#### Aim of the task
Print the data that follows word for word, leaving out any picture.

#### Collected material

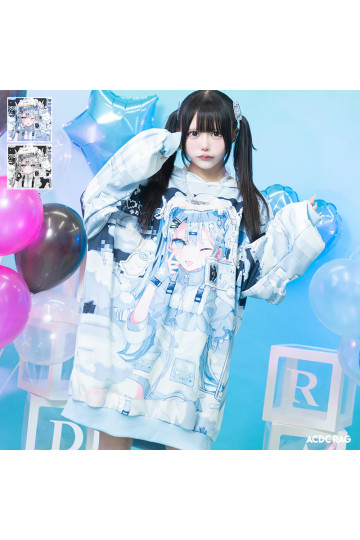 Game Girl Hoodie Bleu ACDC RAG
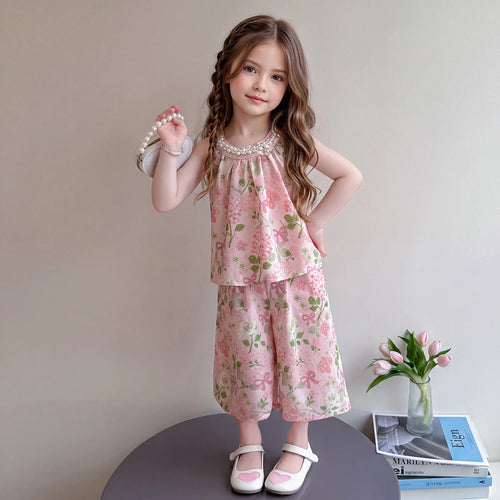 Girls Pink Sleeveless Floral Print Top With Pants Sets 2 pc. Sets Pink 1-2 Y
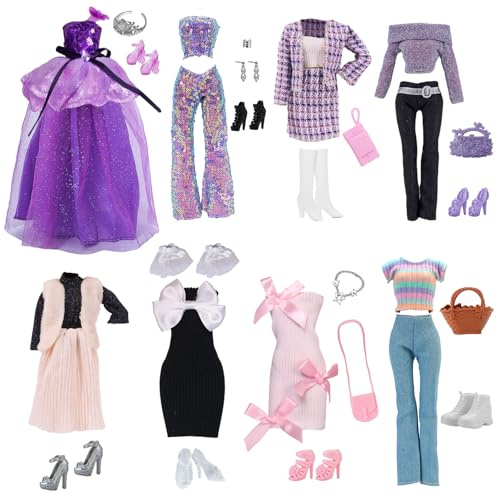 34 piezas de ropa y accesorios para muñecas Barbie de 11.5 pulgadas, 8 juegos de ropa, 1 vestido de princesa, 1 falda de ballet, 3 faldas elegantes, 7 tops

#### Exercise output
 Game Girl Hoodie Bleu ACDC RAG
 Girls Pink Sleeveless Floral Print Top With Pants Sets 2 pc. Sets Pink 1-2 Y
 34 piezas de ropa y accesorios para muñecas Barbie de 11.5 pulgadas, 8 juegos de ropa, 1 vestido de princesa, 1 falda de ballet, 3 faldas elegantes, 7 tops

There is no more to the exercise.